Max profit equals short-strike minus cost basis plus premium times 100; max loss is cost basis minus premium (at zero). Breakeven is cost basis minus premium. For the S covered call priced from the end-of-day chain at a 30-day expiry (ATM IV 75.00%), the computed maximum profit is $204.00 per contract and the computed maximum loss is -$1,595.00 per contract. Live intraday quotes will differ as the chain moves through the trading session.
What is the breakeven for a S covered call?
The breakeven for the S covered call priced on this page is roughly $15.96 at expiration, derived from end-of-day chain premiums. Breakeven is the underlying price at which the strategy's P&L crosses zero ignoring transaction costs and assignment risk.

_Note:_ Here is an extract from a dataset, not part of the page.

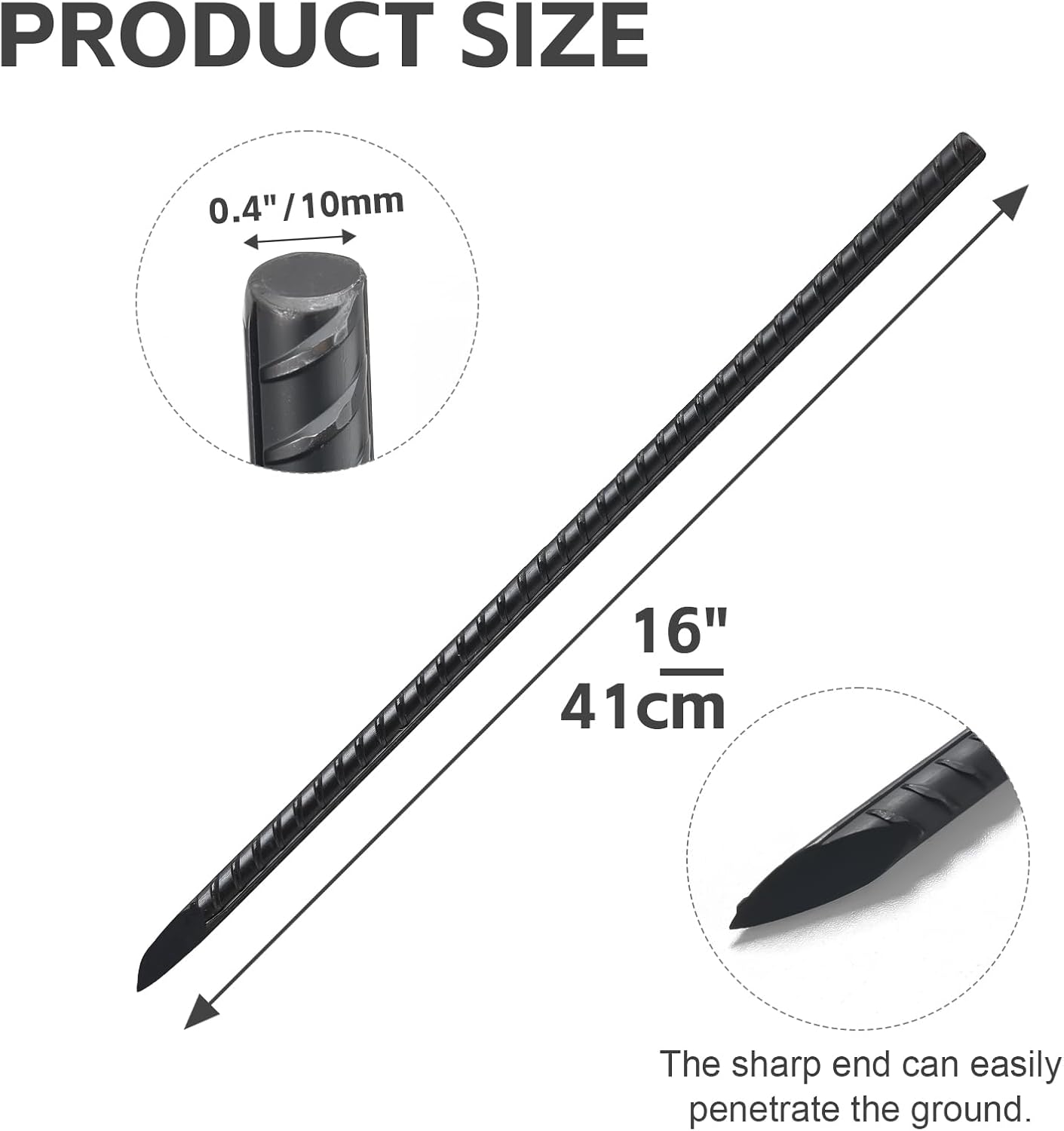 Rebar Stakes 16 Inch, 10 Pack Ground Stakes Heavy Duty with Chisel Point, Straight Metal Stakes for Concrete Form, Landscaping, Camping Tent or Timber, Black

The current S market-implied 1-standard-deviation expected move is approximately 21.50%; if the move sits well outside the breakeven distance, the structure's risk-reward becomes correspondingly tighter.
When should you consider a covered call on S?
Covered calls on S are an income strategy run on existing S stock positions; traders typically sell calls at 25-35 delta with 30-45 days to expiration to balance premium against upside cap.
How does current S implied volatility affect this covered call?
S ATM IV is at 75.00% with IV rank near 92.78%, which is elevated relative to its 1-year range. Premium-selling structures (covered call, cash-secured put, iron condor) generally look more attractive when IV rank is high; premium-buying structures (long call, long put, debit spreads) are more expensive in that regime.